Say “Yes” To These Seven Small Business Marketing Strategies

Say "Yes" To These Seven Small Business Marketing Strategies

As small business owners we sometimes let doubt, despair, and uncertainty keep us from moving ahead. When a new idea comes along that might help our business, we dismiss it out of hand by thinking, “I don’t know how” or “That wouldn’t work for me.” But the thing is that you never know exactly what will work until you try. So, instead of just reacting to your business environment, start being proactive by saying “yes” to these seven small business marketing strategies:

1. Facebook Ads: You’ve gotten yourself into the habit of making regular social media updates on your Facebook page, which is a very good thing, but there is so much more that Facebook can do for your business. Two million businesses, many of them just like yours, have found success by advertising on Facebook. Use Facebook Ads Manager to get you started, and you’ll soon be marketing like the pros.

2. Google My Business: Did you know that you can attract more customers with a free Google listing? The “catch” is that you need to make sure Google has your information! Google My Business makes the process of creating and maintaining a listing very easy.

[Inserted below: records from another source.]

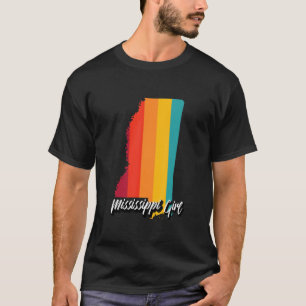 Mississippi Meisje Home State Retro 70s Stripes US T-shirt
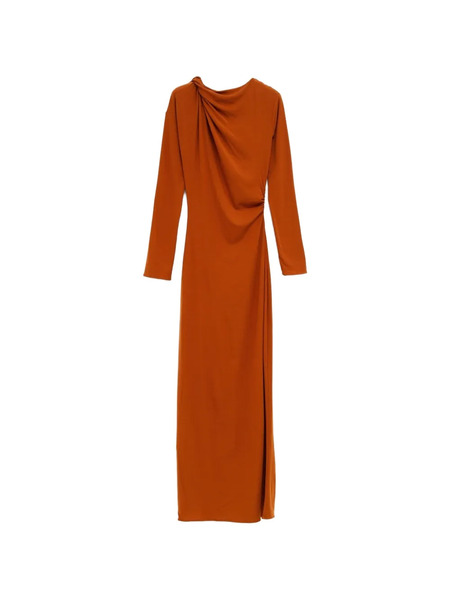  Atlein Draped Dress - Brown 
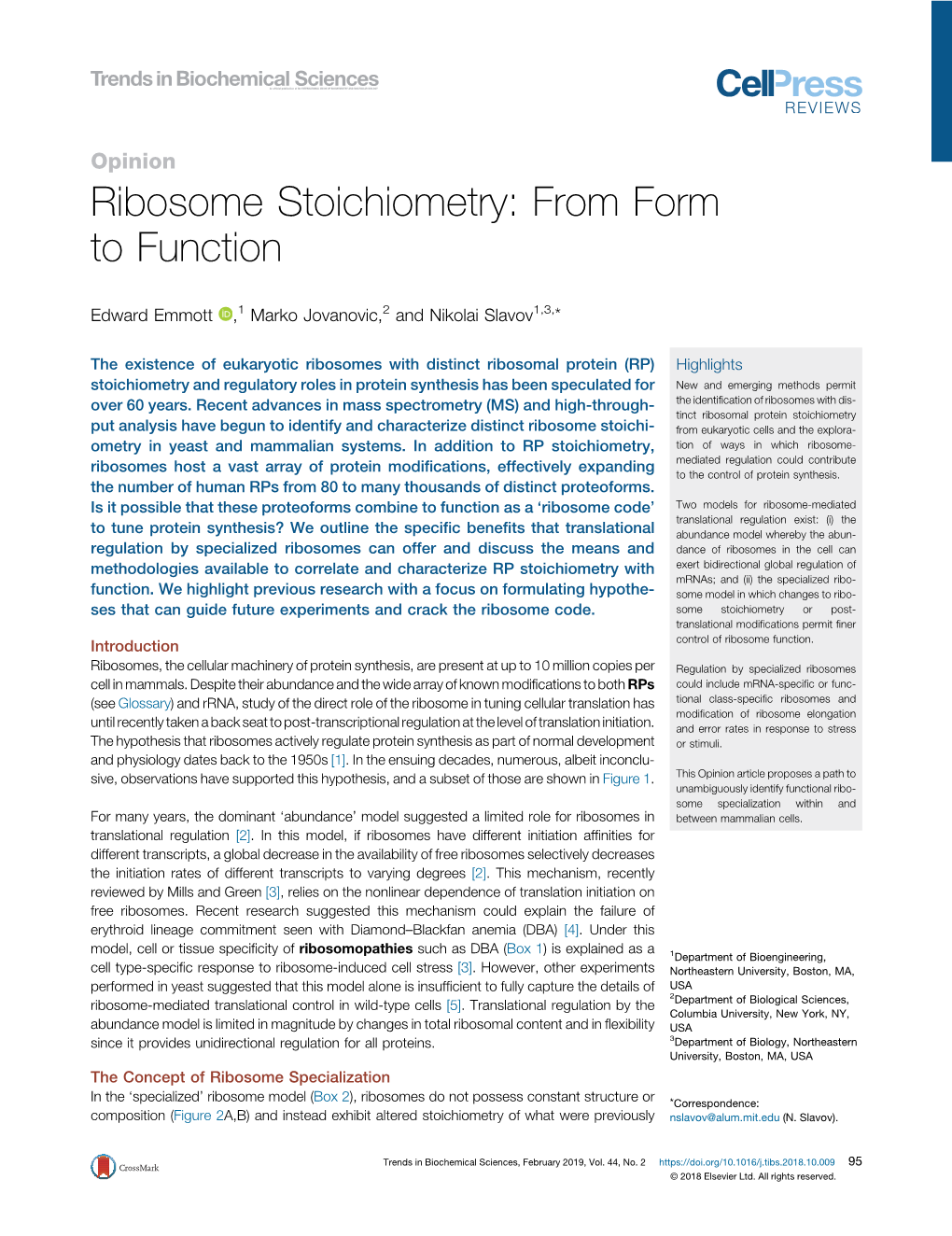 Ribosome Stoichiometry: from Form to Function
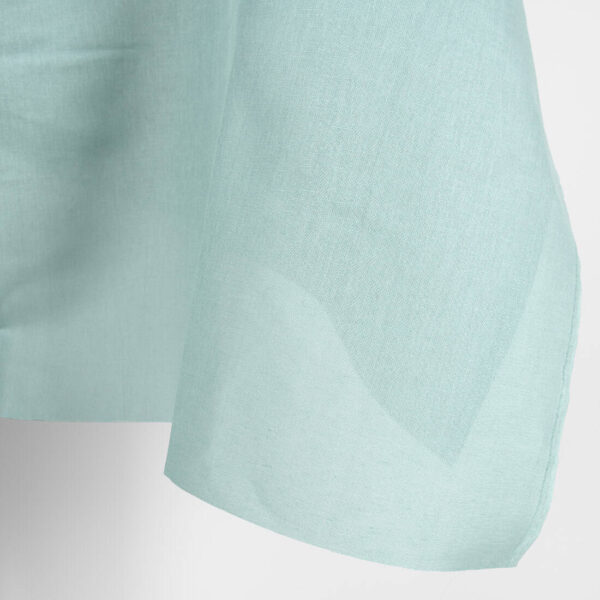 Linen cotton fabric in jadeite colour edge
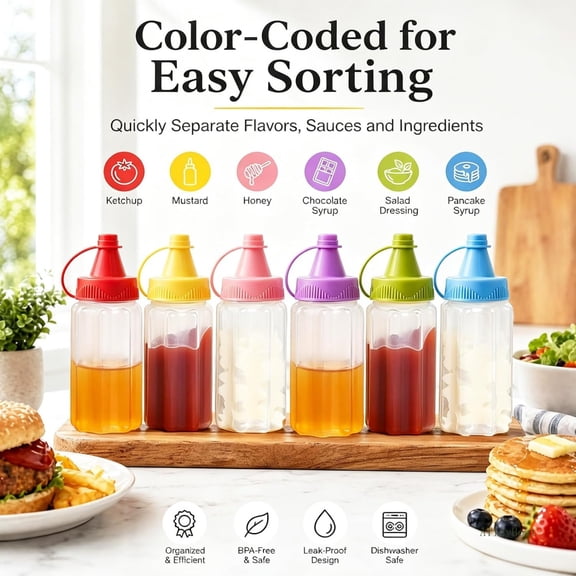 6 Pcs Mini Condiment Squeeze Bottles 1oz, Sauce Container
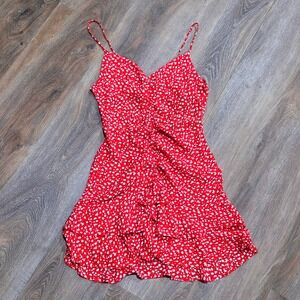 Zara Red Floral Mini Dress Spaghetti Strap Ruffle Hem Ditsy Print Womens Medium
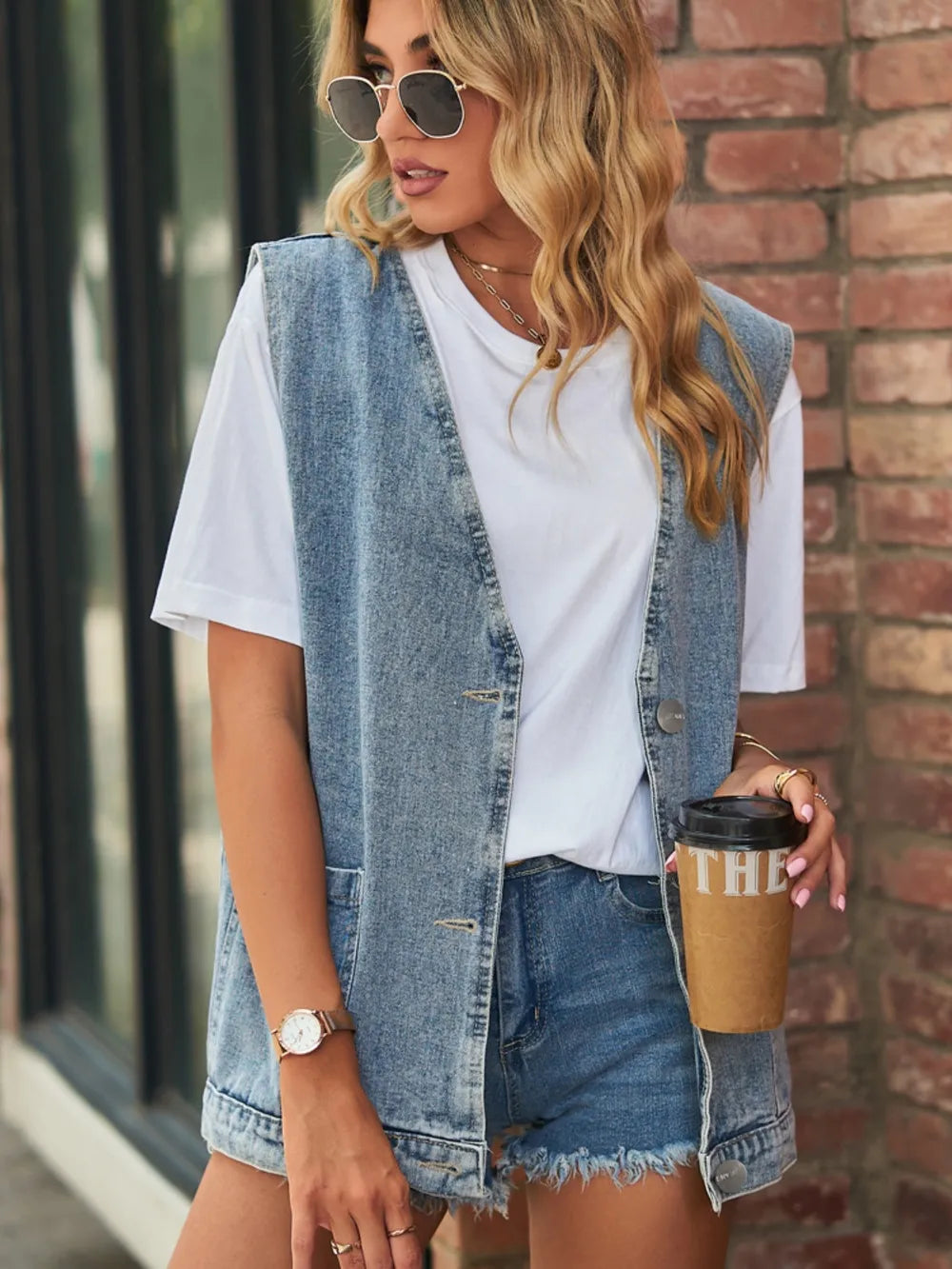 Full Size V-Neck Button Up Denim Vest 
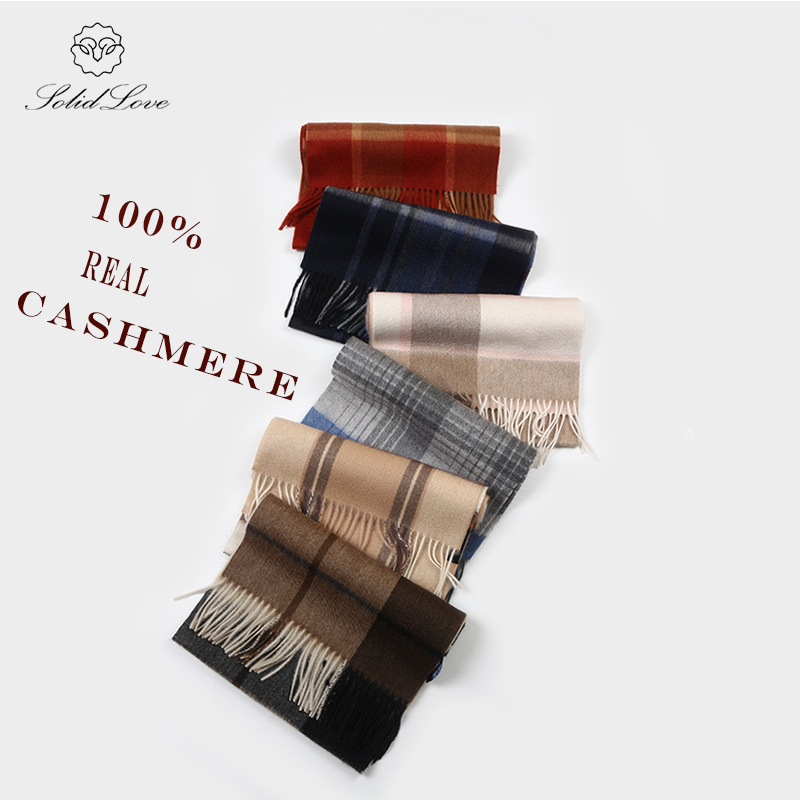 100% Cashmere Scarf   Plaid  W - Muffler Men Wool 评论和价格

3. Manage Your Online Marketing: It can be difficult to try to keep up with all of your marketing needs, especially when you still have a business to run. But that is no excuse to slack off on marketing! Use a tool like Hootsuite or Buffer to link up your social accounts, and schedule future posts.

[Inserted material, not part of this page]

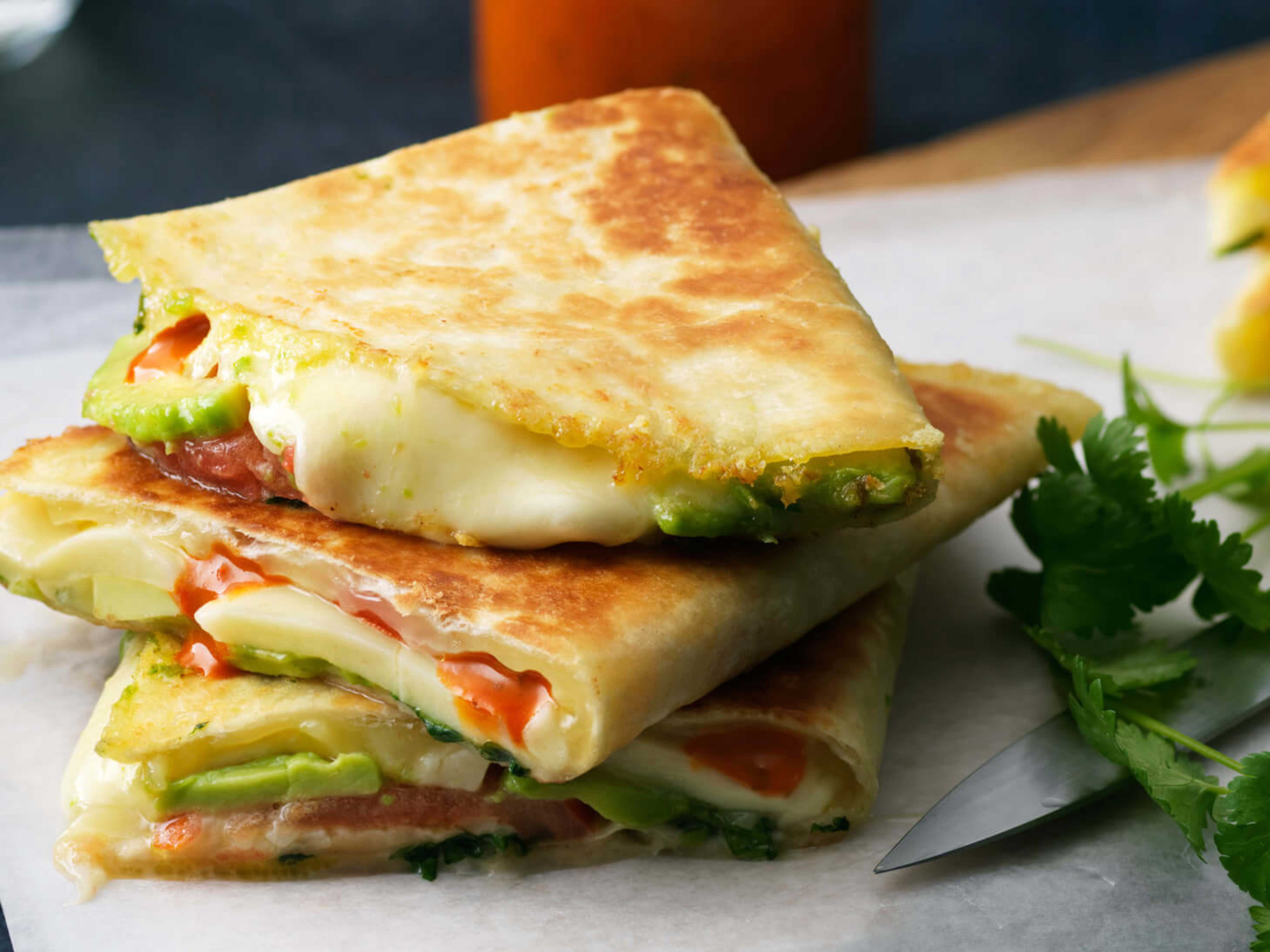 Avocado & Mozzarella Quesadillas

4. Get Better at E-Mail: E-mail is not just for communication purposes; it can be a vital marketing tool. Use it to send information, educate, or keep in touch. Think of strong reasons to send a message, and then write a compelling subject line to catch attention. A service like MailChimp or Constant Contact can help keep you on track.

5. Use Your Best Asset Current Customers: Who knows you better than someone who already loves you? Yet many entrepreneurs fail to capitalize on this special relationship. Talk to your current customers to find out what they like, what they don’t like, and what they want to be different. Educate them about how to use your product more efficiently, or ask them to buy more of what you offer. And then find ways to motivate them to tell others about their experience with you.

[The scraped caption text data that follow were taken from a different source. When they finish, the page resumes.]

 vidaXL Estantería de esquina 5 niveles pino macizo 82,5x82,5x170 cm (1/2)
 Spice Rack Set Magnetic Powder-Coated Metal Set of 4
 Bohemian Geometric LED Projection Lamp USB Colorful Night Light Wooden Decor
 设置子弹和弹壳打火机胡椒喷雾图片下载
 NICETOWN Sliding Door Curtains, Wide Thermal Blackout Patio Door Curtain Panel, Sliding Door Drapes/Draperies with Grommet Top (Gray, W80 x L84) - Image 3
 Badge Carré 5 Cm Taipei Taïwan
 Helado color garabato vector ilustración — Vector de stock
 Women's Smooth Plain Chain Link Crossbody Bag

6. Share Your Knowledge: Your knowledge shouldn’t be bottled up and put on some shelf. It is meant to be shared with your prospects and customers. Post Facebook tips, write informational blogs, create news-filled newsletters, and post responses on other blogs or social media outlets that touch on topics related to your product or service.

7. Be an Expert: Write for a local newspaper or a trade publication, get interviewed by local media, or start your own YouTube channel where you can expound on interesting topics.